The turnpike was established by Act of Parliament in 1768 and followed the line of the present B1363. At Oswaldkirk the turnpike joined the present B1257, which with the A170 connected it with Helmsley. It thus provided a more direct connection to that area.
The milestones on this road are interesting, as every third stone is a so-called ‘horsing-stone’ – a tall block with steps to enable easy mounting of a horse. The minutes of the Turnpike Trust include the following details.
In 1772 ‘. . . milestones were to be erected … in the form as follows: wood mile post 4 feet in length; every third mile a horsing stone; … ‘. Later, in 1776 it was ordered ‘… that the mile posts be painted dark blue, with white letters and figures, old Roman capital letters and figures ‘. At a meeting at the (still there) White Bear in Stillington in 1789, it was ordered ‘. . . that the mile stones be repaired if necessary and that the letters or figures thereon be fresh painted’.

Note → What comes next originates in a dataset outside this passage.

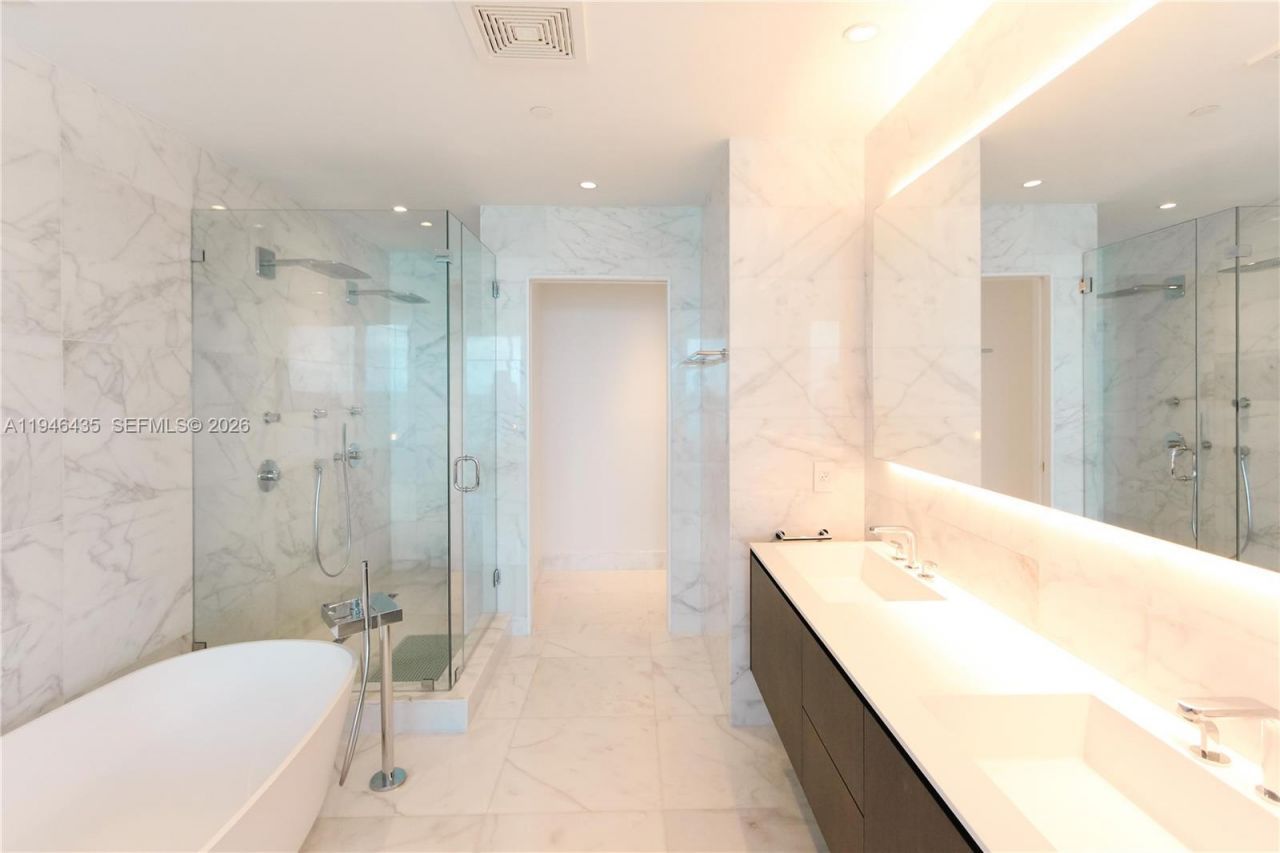 6901 Collins Ave, Unit 901, Miami Beach, FL 33141 Photo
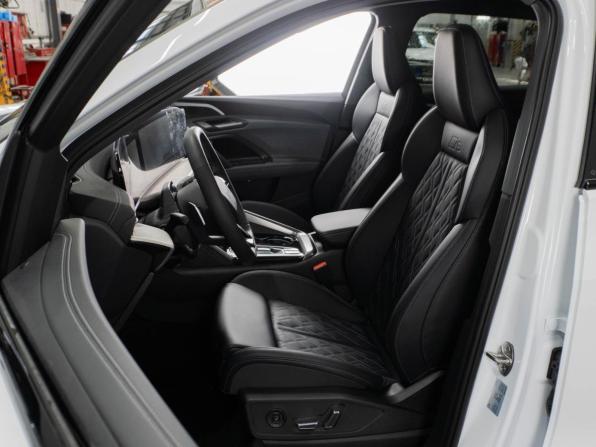 Audi Q5 III с пробегом 2026 года, цена 6 290 000 рублей, 63 км, внедорожник, Автокод Объявления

In 1814 it was ordered ‘that mileposts be erected at the end of each mile where the present stones are decayed and defaced, and that the first mile from York be measured from Bootham Bar, or such other place as the distance has commenced, and be so expressed upon the first mile post‘.
The Milestone Society has records of four surviving horsing-stones (or mounting-blocks) on this road. They are, from south to north:
At Wigginton, ¾ mile north of the A1237 York ring-road, on the west side of the road (and usually almost hidden in the grass), opposite the entrance to Villa Farm – three miles from York.
On the west side of the road north of Sutton-on-the-Forest, nearly opposite Low Inhams Farm, south of Moxby Lane, about half way between Sutton and Stillington – nine miles from York.
At Gilling East, just north of the cross-roads – 18 miles from York.
Between Oswaldkirk and Sproxton, about one mile south of Sproxton on the now B1257, on verge opposite the entrance to Golden Square Farm – 21 miles from York. Curiously, this appears to be beyond the remit of the Turnpike Trust, which ended where it met the Helmsley/Thirsk-Malton road at Oswaldkirk Bank Top. (Illustrated on right)
Those six, 12 and 15 miles from York have not been found.